Museum public audience were asked to hand sew one or more buttons in remembrance of their deceased ancestors. This took place on the north panel of Povertyquilts entitled A Year in Java to commemorate my grandfather's year in Java, Povertyquilts refer to the stylistic panel of denim cloths savaged from sweatshops in Yogyakarta and rejoined into larger fabric that looks like topography of rice fields and water. The name is also picked to remember the year of hardship my grandmother has to endure in 1948 when my grandfather was stranded in Palembang.
On the south facing panel of povertyquilts entitled Parangkusuma, my Javanese assistants dressed in court clothing were embroidering a mapping of Raffles' invasion of the palace of Yogyakarta from memory.
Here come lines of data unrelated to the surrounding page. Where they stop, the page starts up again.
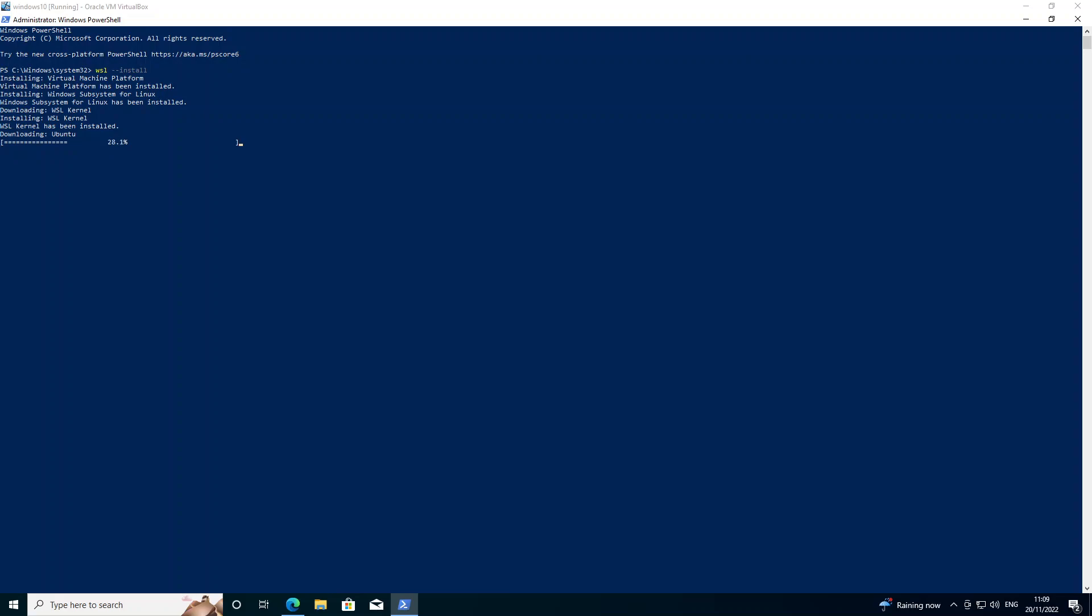But in this video we're just going to run with the default, which is what I use myself personally. I always run Ubuntu on WSL. Okay you can see the download of Ubuntu is now complete.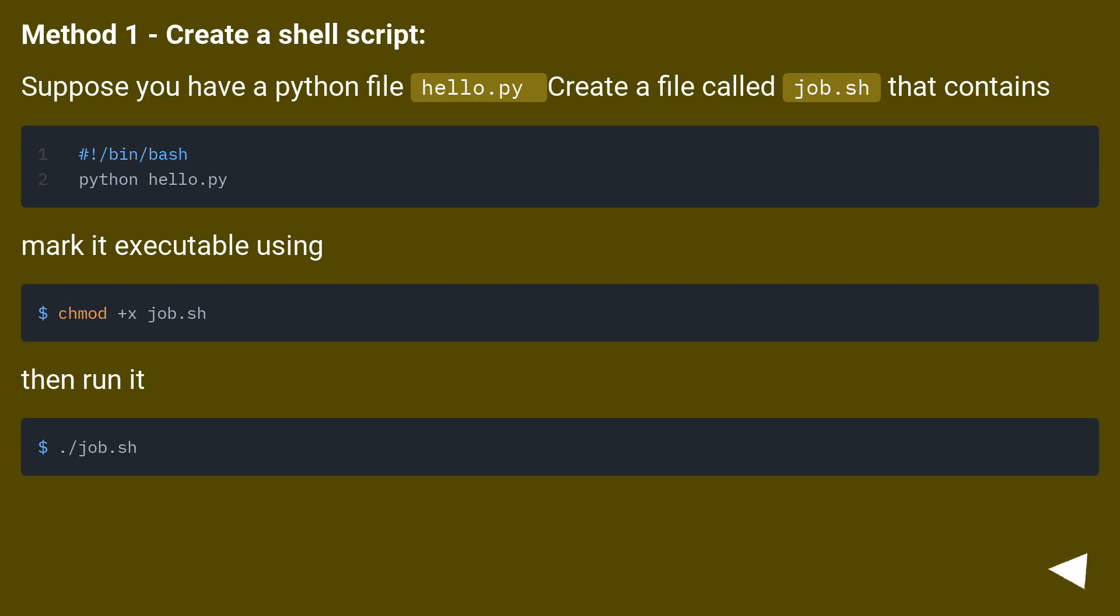Method 1, create a shell script. Suppose you have a python file hello.py, create a file called job.sh that contains. Mark it executable using. Then run it.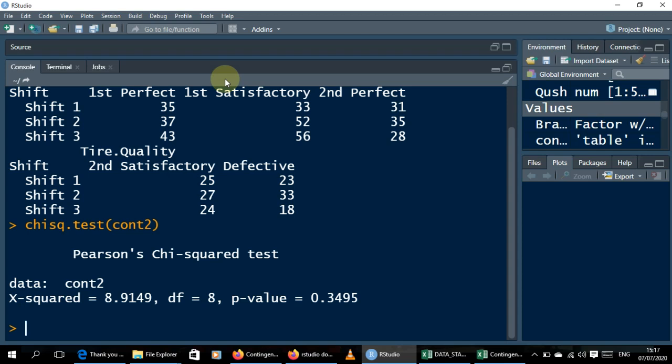That is how you create a contingency table in R. For those who want to do it in Excel, that video has been uploaded — subscribe to the channel to get access. Make sure you hit the Like button, and turn on notifications so you get notified when I upload a new video. Ring the bell!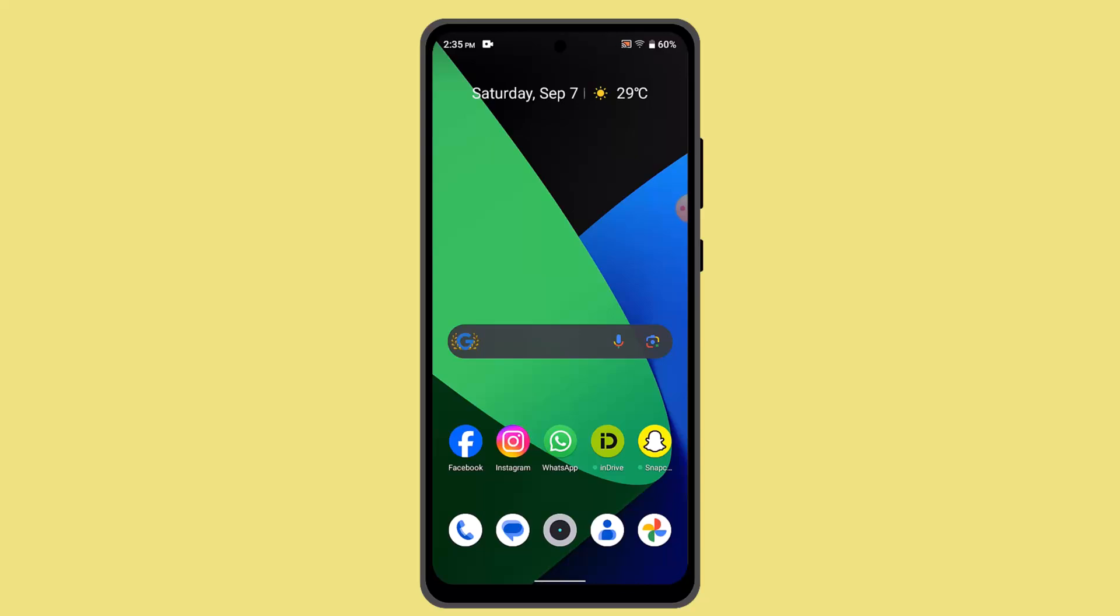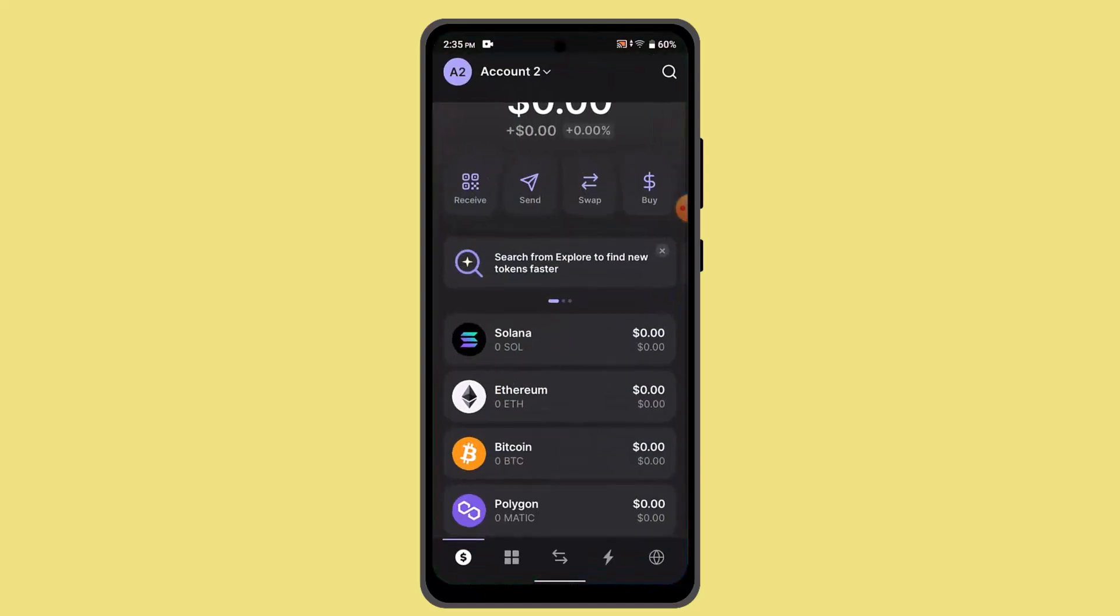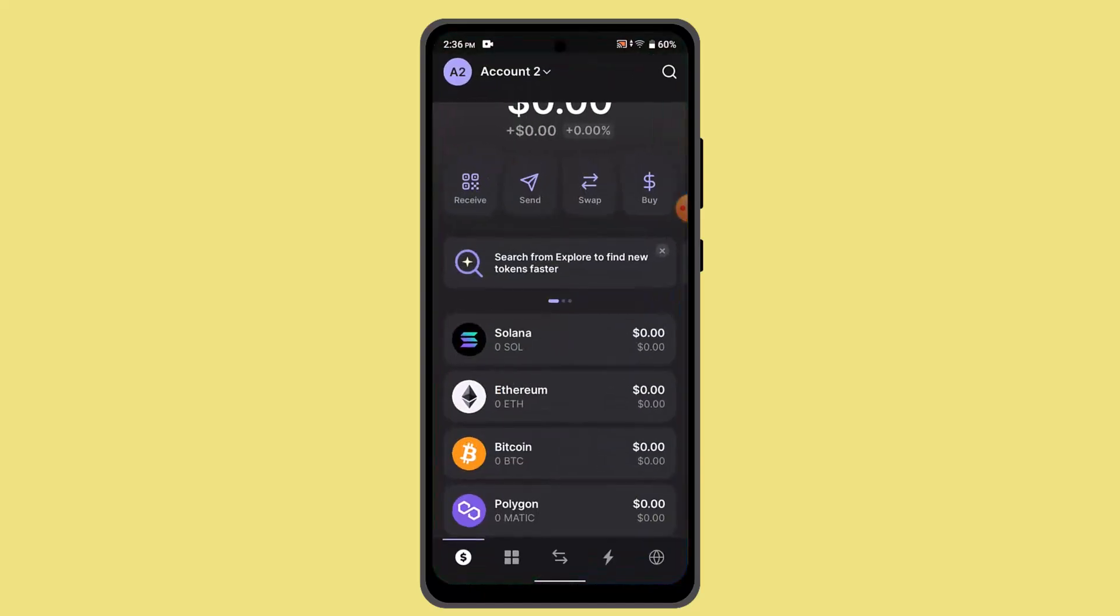In order to swap Solana on Phantom Wallet, you just have to follow these steps. First of all, you have to login into your Phantom Wallet account. When you're logged in, that's going to take you to the home page.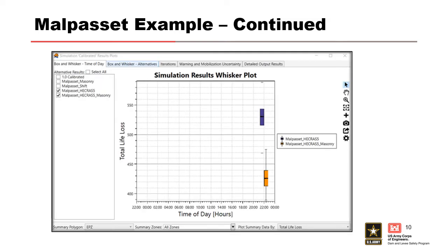How did this play out? Results taken straight from LifeSim show total life loss on the y-axis and time of day on the x-axis. The orange box uses masonry stability criteria and the blue box uses wood anchored stability criteria. Life loss is much higher for the wood anchored criteria — around 425 for masonry versus 525 for wood anchored, about a 100-person difference. This is why you need to pay attention to your structure inventory and the construction practices of structures within your flood zone.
This particular povertyquilt is also layout to reflect actual topography of Java, the Gunung Merapi, the mandala of the palace ground and the Queen of the South Sea.
A 12 m long sarong made of cut up squares of traditional Javanese weave is pieced together every evening by public participants which eventuate into a group performance of a rite in memory of the loot by Raffles of East India Company at the fall of Yogyakarta court.. With Erson Padapiran leading with a trumpet and singing the Babad of the Inglis.
the center piece is an eternal light object fabricated from composite of Javanese rice pots and kettles with text in Javanese (taken from Raffles' tome of book, History of Java) that becomes an epitaph for Raffles in Java. This object of a domesticated monument is one of a series of various proportion named the Kettle Call Pots Black.